R and R Studio¶
Objective¶
Provide an opportunity to learn basic R usage with lessons from Software Carpentry, and applications of R and Bioconductor to genomic data analysis with lessions from Data Carpentry. R (v 4.0.4), RStudio (v 1.4.1103), and Bioconductor (v. 3.12) are already installed on the VCL image. If you log in using a Remote Desktop connection, you can find RStudio under the Applications menu in the Devlopment category. If you normally log into a VCL instance using SSH, then you have a choice of either using R in the terminal window on the VCL instance, or using RStudio running on the computer that you use to connect to the VCL. The Software Carpentry and Data Carpentry tutorials are written with the assumption that you will be using RStudio, so if you choose to work in a terminal through SSH to the VCL, you will not be able to carry out all the exercises in the tutorials exactly as they are written.
Background¶
Base R is designed to load all data into RAM, and this works fine for small datasets. Large genomic datasets aren’t suitable for this model of memory management, however, so a new approach to data access was developed for genomic analysis in R. The Bioconductor environment provides tools that allow R to access specific parts of large datasets without loading the entire file into memory, and a large number of R packages for genomic data analysis are now available through the Bioconductor package management system. Materials for a two-day workshop on R and Bioconductor for genomic data analysis are available - the introductory material reviews basic R functions and data types, then expands into Bioconductor-specific topics.

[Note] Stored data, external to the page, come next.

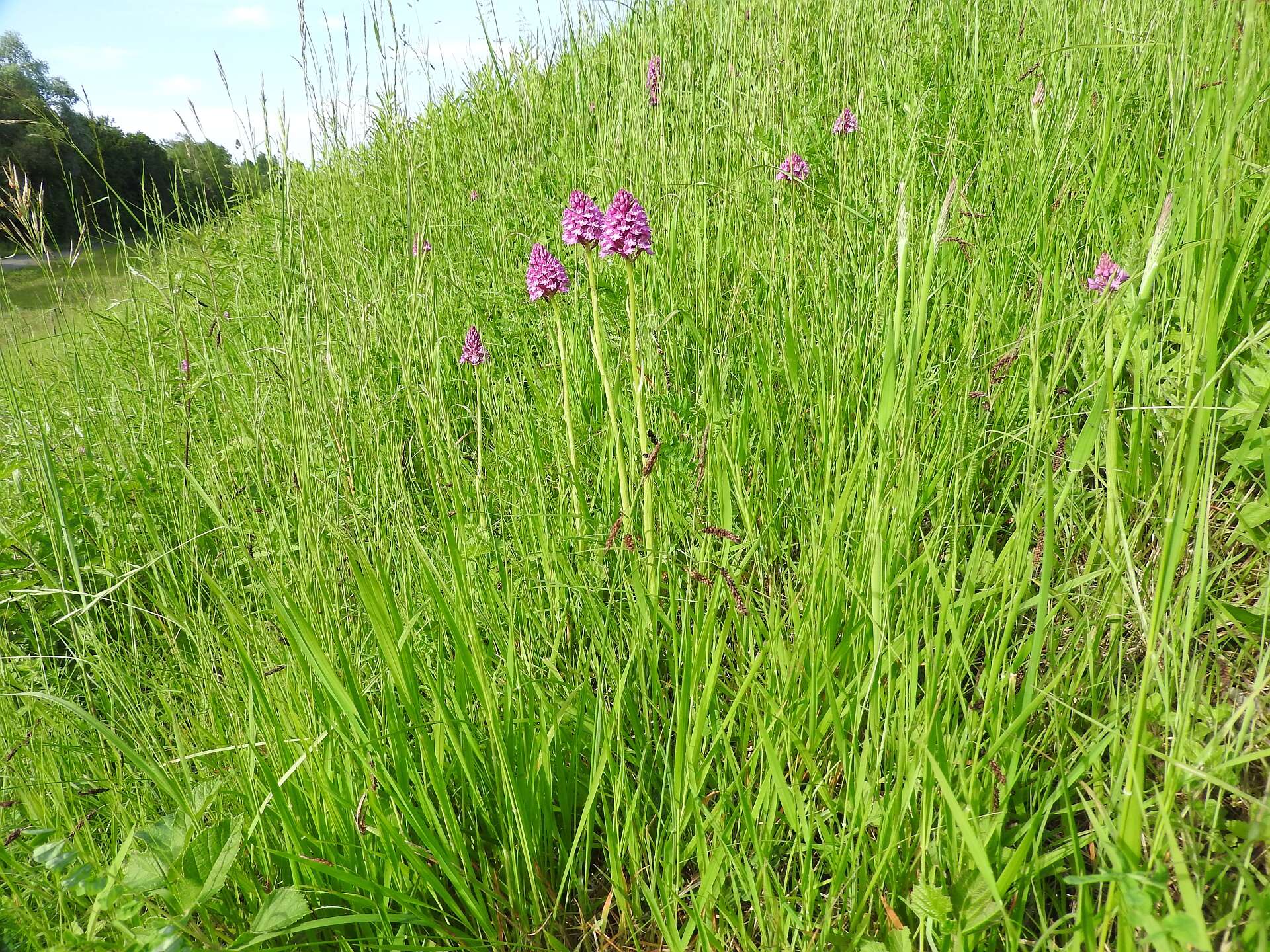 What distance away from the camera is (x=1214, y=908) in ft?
2.71

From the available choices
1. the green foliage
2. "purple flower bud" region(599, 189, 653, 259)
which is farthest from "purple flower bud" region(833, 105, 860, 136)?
the green foliage

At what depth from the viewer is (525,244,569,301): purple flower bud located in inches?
59.0

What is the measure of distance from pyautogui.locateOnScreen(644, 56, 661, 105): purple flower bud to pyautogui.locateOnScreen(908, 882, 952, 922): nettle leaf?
2.51m

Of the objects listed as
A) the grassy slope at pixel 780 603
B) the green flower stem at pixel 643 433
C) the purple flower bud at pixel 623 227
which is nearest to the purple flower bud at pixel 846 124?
the grassy slope at pixel 780 603

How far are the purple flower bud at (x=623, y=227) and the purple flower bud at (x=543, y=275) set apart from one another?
5.4 inches

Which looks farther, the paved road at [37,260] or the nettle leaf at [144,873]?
the paved road at [37,260]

More links to conference presentations and workshop materials related to Bioconductor are available on the Bioconductor Courses and Conference Talks web page - note that each set of presentation materials is linked to a specific version of Bioconductor and R in the right-most column, so the most recent course materials will assume that you have the corresponding versions of Bioconductor and R installed on your system if you plan to carry out the exercises demonstrated.
Workshop Links¶
aRrgh: a newcomer’s (angry) guide to R is a guide to R written for those who have programming experience in compiled languages such as C, C++, or Java - the author compares (unfavorably, in most cases) the syntax and customs in R with C and C++. He does offer useful recommendations on what R methods he finds most useful, along with comments that make me feel better when I’m struggling to get R to do what I want it to do. “R makes me want to kick things almost every time I use it” is one example; I agree completely with this statement despite the fact that I also find R invaluable as a computational resource. The aRrgh webpage does not provide sample data to use in exploring the features of R it describes, but the dataset we will use for some of the differential gene analysis exercises next week can be downloaded using the command:
wget http://152.7.176.221:/ExerciseData/archives/AtRNAseq.tgz
The page in the “aRrgh” guide about data frames includes the comment “read.table isn’t the zippiest option for giant data sets but don’t worry about it until you’re sure you’re already worried about it”. When you are sure that you are worried about it, one good alternative is the data.table package, which offers a higher-performance version of data.frames suitable for larger datasets and parallel processing.
R & Bioconductor Manual is a very thorough introduction to R for bioinformatics, written by Thomas Girke from UC Riverside. This webpage provides a good introduction to R and Bioconductor, with specific examples of many useful tools and analytical methods applied to genomic datasets.
Software Carpentry is an introductory tutorial for R and RStudio that is not focused on genomic data, but introduces R data structures, flow control, graphics and visualization tools, and data manipulation methods.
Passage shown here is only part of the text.